Bryan Singer here takes his fourth whack at directing an installment in the Marvel series, and does so ably. The story follows the awakening of ancient deity Apocalypse (Oscar Isaac, always good to see, even under a pile of prosthetics), raised from the dead after thousands of years and hell-bent on destruction, with recruitment of mutants high up on his list. Set in 1983, during one of the chillier spikes of the Cold War, gives the film an interesting backdrop, one that it capitalizes on as often as it misses the mark. Michael Fassbender and Jennifer Lawrence, as Magento and Mystique, respectively, return and do solid work, and Olivia Munn is admirable in the role of Psylocke, despite the relative lack of screen time and work for her character to do. (She does have a really cool samurai sword.)

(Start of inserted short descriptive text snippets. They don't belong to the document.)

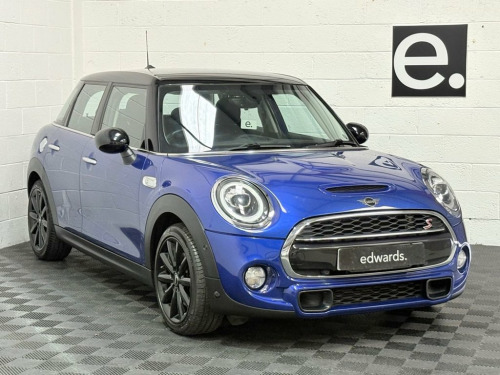 MINI Hatch  2.0 Cooper S Classic Hatchback 5dr Petrol Steptron 
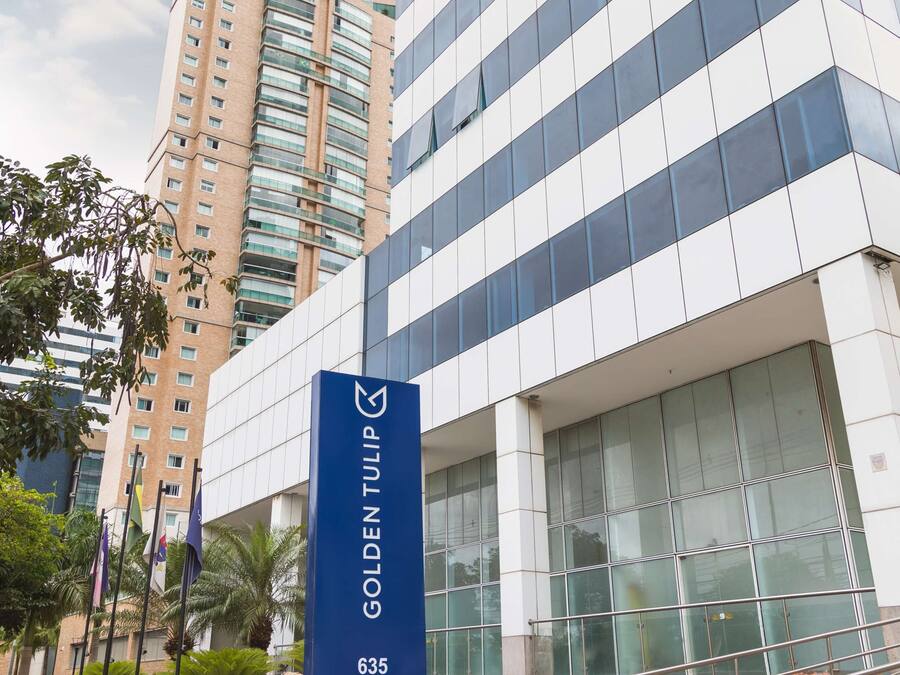 Un bâtiment moderne sur lequel on peut lire l’inscription suivante : « GOLDEN TULIP PORTO VITORIA 635 ».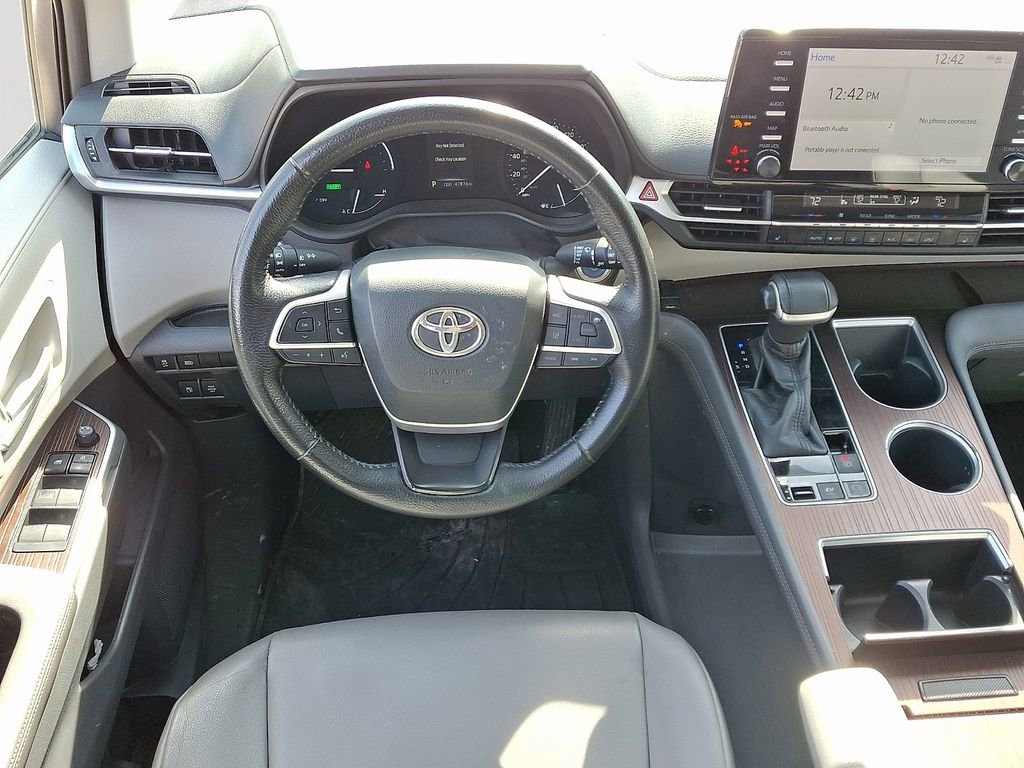 Used 2021 Toyota Sienna XLE image 13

There's no way to put this movie in a jar for observation and not make the obvious comparison to this year's other comics-spawned tent poles, the awful Batman v. Superman and the damn outstanding Captain America: Civil War. Apocalypse falls somewhat in between, something fitting for a franchise that neither blew on the launch pad like the start to DC's Justice League slog, nor picks up the creative head of steam in Marvel's Avengers series and its corollary movies. It's overlong, the big sequences are great but nothing mind-bendingly original. PG-13. 144m. FORTUNA.
— David Jervis
BROADWAY and MILL CREEK listings were not available at press time. For showtimes, see the Journal's listings at www.northcoastjournal.com or call: Broadway Cinema 443-3456; Fortuna Theatre 725-2121; Mill Creek Cinema 839-3456; Richards' Goat Miniplex 630-5000.
Previews
ME BEFORE YOU. Carpe diem love story about a caregiver and a suicidal quadriplegic man. PG. 110m.
TEENAGE MUTANT NINJA TURTLES: OUT OF THE SHADOWS. Megan Fox and Will Arnett in the franchise that launched a thousand lunch boxes. PG-13. 112m. FORTUNA.

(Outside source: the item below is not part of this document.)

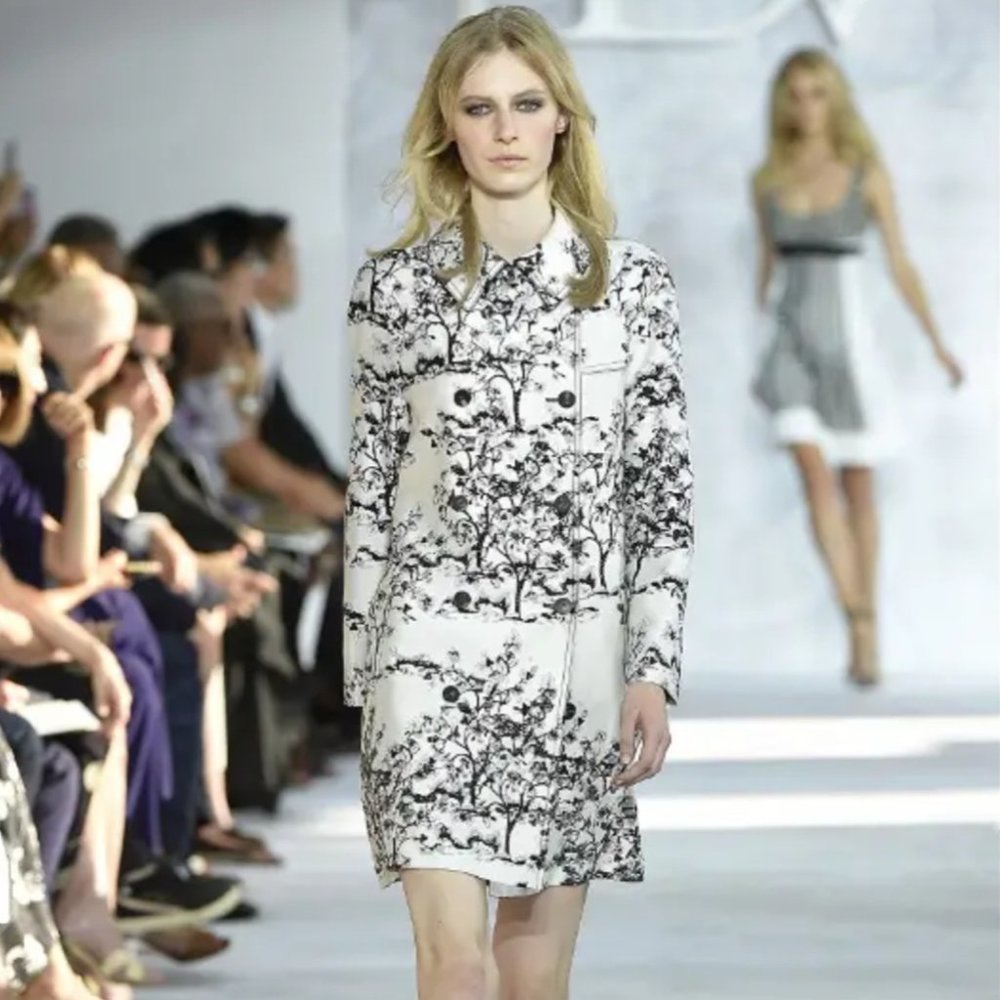 Diane von Furstenberg DVF sz4 Runway WOOL SILK Coat in Black White Floral Print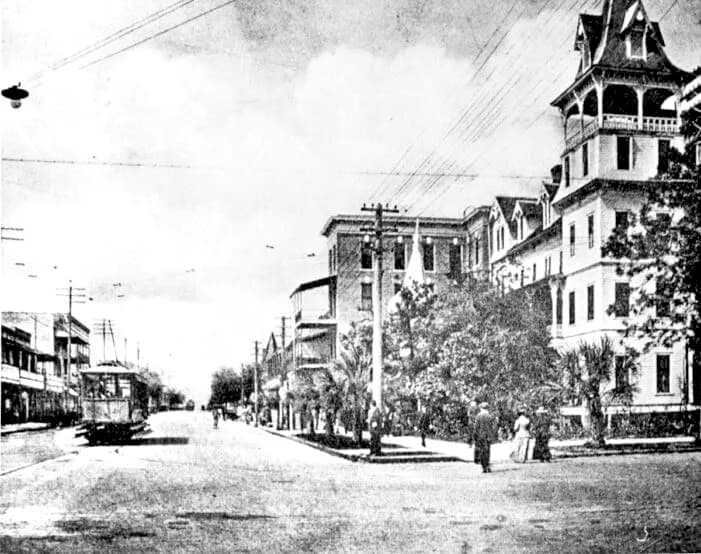 Historic Downtown St. Pete Trolley Tour in St. Petersburg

POPSTAR: NEVER STOP NEVER STOPPING. Andy Samberg plays a fading Bieber-ish boy-band star desperate to stay in the spotlight in this song and cameo filled music biz comedy. R. 86m.
Continuing
THE ANGRY BIRDS MOVIE. From your iPhone to the big screen, grumpy animated fowl hurl themselves at interloping pigs. Voiced by Jason Sudeikis and Maya Rudolph. PG. 97m. FORTUNA.
CAPTAIN AMERICA: CIVIL WAR. The Avengers assemble and rumble in a well-made, satisfying action movie that handles tricky politics and gives promising starts for new characters. PG13. 147m. FORTUNA.
THE DARKNESS. A family visits the Grand Canyon and all they get is this ancient evil haunting them and leaving creepy handprints everywhere. With Kevin Bacon. PG13. 92m.
THE JUNGLE BOOK. The Kipling story returns to inspire real childhood wonder with seamless CGI, believable animal characters and grand adventure. PG. 106m.
THE MAN WHO KNEW INFINITY. True story of an Indian mathematician (Dev Patel) and his British Cambridge mentor (Jeremy Irons). R. 97m.
NEIGHBORS 2: SORORITY RISING. Woman-positive, gross, funny sequel to the original Greeks vs. Grownups comedy that actually has something to say. Seth Rogan, Rose Byrne, Chloë Grace Moretz and Zac Efron. R. 92m. FORTUNA.
THE NICE GUYS. A grimy-cool 1970s L.A. detective comedy with Ryan Gosling and Russell Crowe finding chemistry and humanity in their hangdog characters. R. 116m.